常州工学院学报(社科版) 2019年4期
关键词:性关系父权话语

李丹丹,吕爱晶

(湖南科技大学外国语学院,湖南湘潭411201)

美国剧作家伊芙· 恩斯勒(Eve Ensler,1953—)的作品《阴道独白》(TheVaginaMonologues)被誉为女性主义戏剧的先锋之作。该剧在采访了200多名不同国家、不同阶级、不同时代、不同性取向的女性关于阴道及身体体验感受的基础上编写而成,由18个独立的独白式段落组成,涉及女性性器及身体体验的诸多方面,以独白形式吐露了诸多女性的心声。《阴道独白》于1996年首演,1997年获奥比奖,1998年在美国传统情人节上演,并在全世界掀起了一场女性主义戏剧运动。目前该剧已被译成40余种语言在130多个国家和地区演出。
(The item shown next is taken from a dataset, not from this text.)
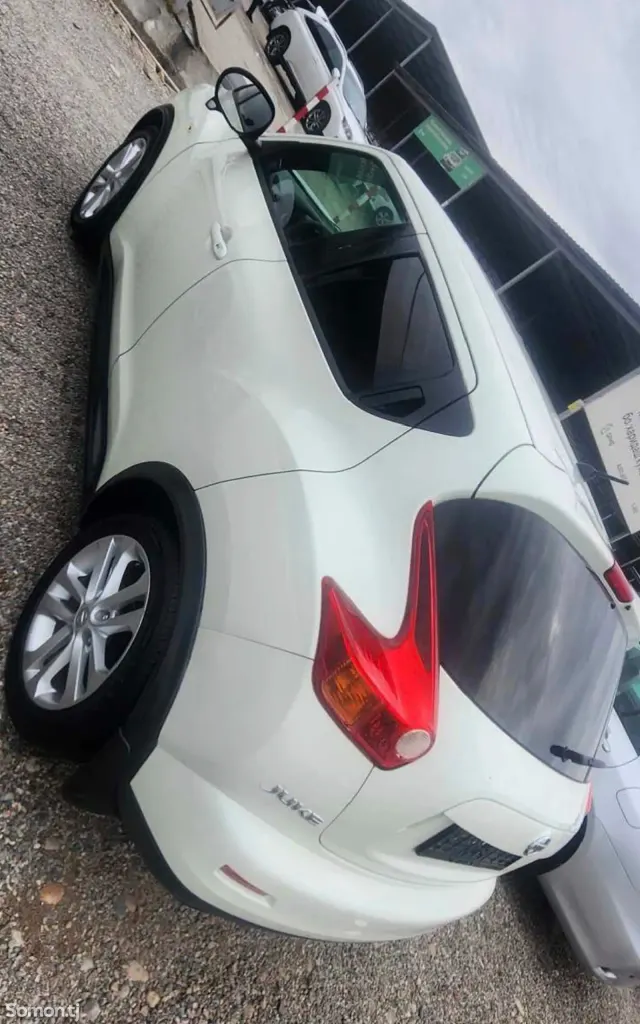 Nissan Juke 2011 · 1.6 AT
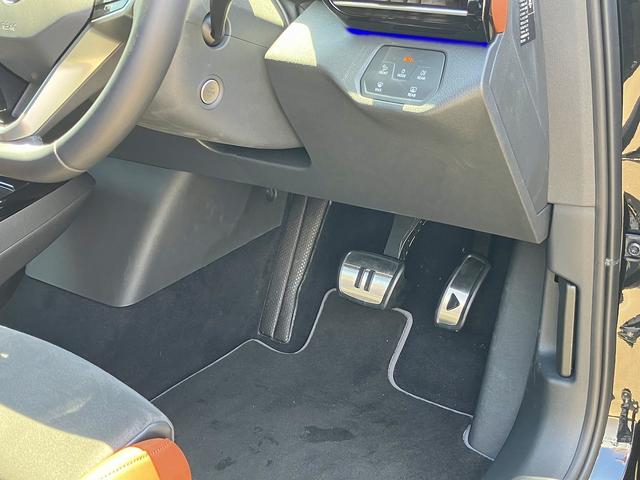 ＩＤ．４ プロ　ＤＥＭＯ　ＣＡＲ　ＥＴＣ　駐車支援システム　アラウンドビューカメラ　リアビューカメラ　エマージェンシーストップシグナル　レーンキープアシストシステム　後方死角検知機能　アルミホイール（２０インチ）（15枚目）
国内外学者对《阴道独白》的研究多是从宏观的女性主义视角探析其蕴含的激进的女性意识。例如:瑞秋·克兰芝认为《阴道独白》中对女性身体经验的揭示,有利于引导女性探索自己的身体及关注自身体验,唤醒女性的自我意识[1]7;秦治全认为该作“传达了女性身体经验和解放的重要性,矛头直逼男权社会和男权中心,表达了重塑女性主体意识的合理性和紧迫性”[2]20。但也有学者认为该剧是极端女性主义的体现。例如:凯文·迈克·格雷斯认为 《阴道独白》是“一种政治宣传和政治工具”[3]46;唐利群指出该剧对神秘化、污名化的女性性器和性经验的言说具有袪魅功能,但“过于强化或集中于这一点却只能使之再度成为狭隘僵硬的意识形态”[4]65。此外,也有部分学者对《阴道独白》中的女性身体叙事进行了研究。如:珊迪·皮特森认为《阴道独白》通过书写阴道及女性身体体验探索了女性身体话语,使人们开始关注异性恋父权制价值观与其塑造的女性阴道之间的关系,挑战了父权制权威[5]16;苏珊·贝尔和苏珊·瑞维比认为,该剧并未指出女性身体和女性的无知是如何被父权文化建构的[6]435。由此可见,目前学者对《阴道独白》的研究多侧重于从宏观角度挖掘其体现的女性主义主题,尚未有学者从微观层面深入挖掘剧中女性及女性身体被塑造背后潜藏的权力关系运作,指出加在女性身上的诸多社会规约所体现的身体政治。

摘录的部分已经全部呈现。